Pancreatic ductal adenocarcinoma clonogenic growth, metastasis, and tumor initiation are dependent on MAPK signaling via IQGAP1. Treatment with a WW peptide disrupts IQGAP1 function and represents a novel targeting strategy for PDAC.

We inhibited IQGAP1 expression using shRNA and assessed clonogenic growth, cell migration, and MAPK signaling in vitro and tumor initiation and metastasis in vivo. The efficacy of a peptide mimicking the IQGAP1 WW domain that binds and inhibits ERK1/2 was determined in vitro and in vivo.
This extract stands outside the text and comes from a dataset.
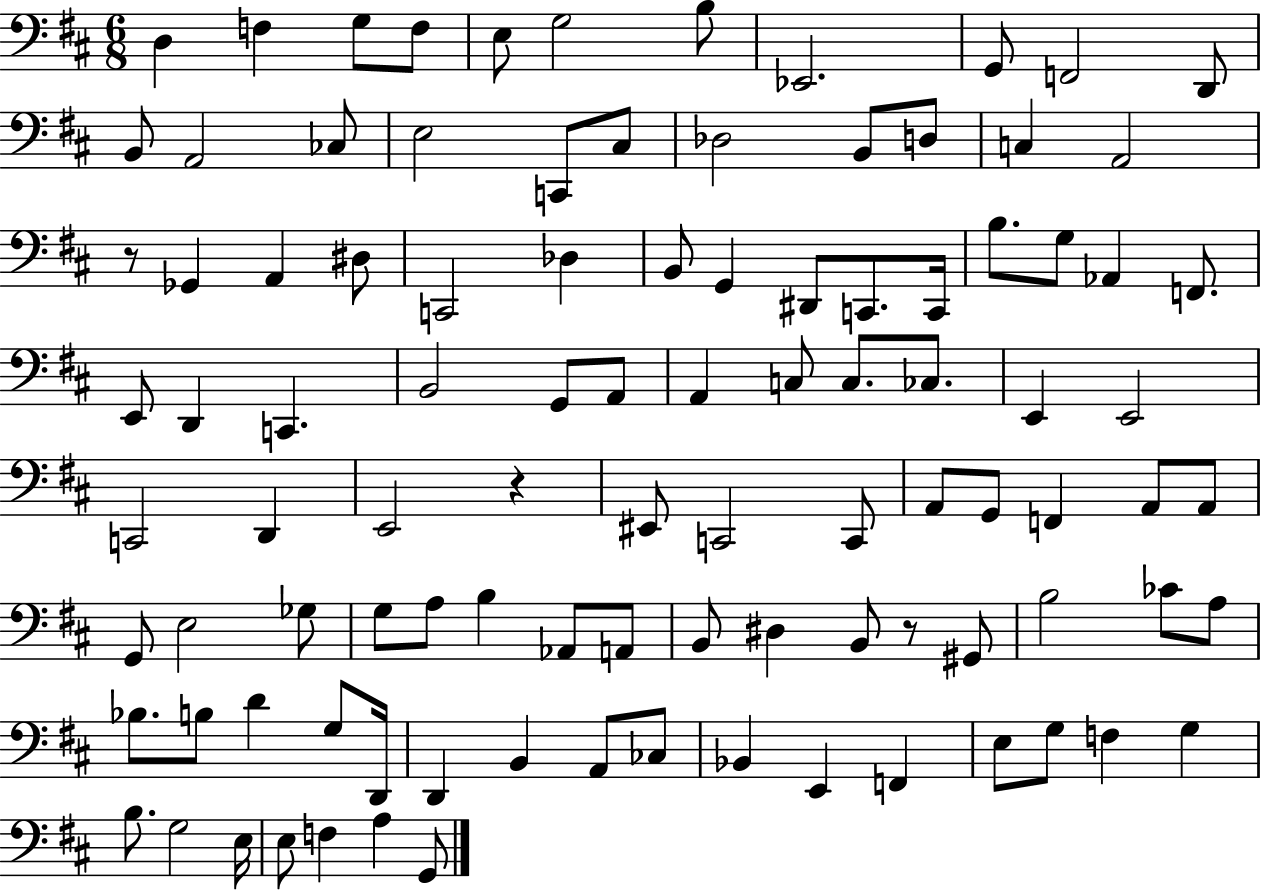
D3/q F3/q G3/e F3/e E3/e G3/h B3/e Eb2/h. G2/e F2/h D2/e B2/e A2/h CES3/e E3/h C2/e C#3/e Db3/h B2/e D3/e C3/q A2/h R/e Gb2/q A2/q D#3/e C2/h Db3/q B2/e G2/q D#2/e C2/e. C2/s B3/e. G3/e Ab2/q F2/e. E2/e D2/q C2/q. B2/h G2/e A2/e A2/q C3/e C3/e. CES3/e. E2/q E2/h C2/h D2/q E2/h R/q EIS2/e C2/h C2/e A2/e G2/e F2/q A2/e A2/e G2/e E3/h Gb3/e G3/e A3/e B3/q Ab2/e A2/e B2/e D#3/q B2/e R/e G#2/e B3/h CES4/e A3/e Bb3/e. B3/e D4/q G3/e D2/s D2/q B2/q A2/e CES3/e Bb2/q E2/q F2/q E3/e G3/e F3/q G3/q B3/e. G3/h E3/s E3/e F3/q A3/q G2/e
IQGAP1 loss inhibited clonogenic growth and migration of KRAS-dependent PDAC cells by disrupting MAPK signaling. In mice, IQGAP1 knockdown decreased tumor-initiating cell frequency and metastasis. WW peptide treatment inhibited clonogenic growth and in vivo tumor growth. Conclusions: Pancreatic ductal adenocarcinoma clonogenic growth, metastasis, and tumor initiation are dependent on MAPK signaling via IQGAP1. Treatment with a WW peptide disrupts IQGAP1 function and represents a novel targeting strategy for PDAC.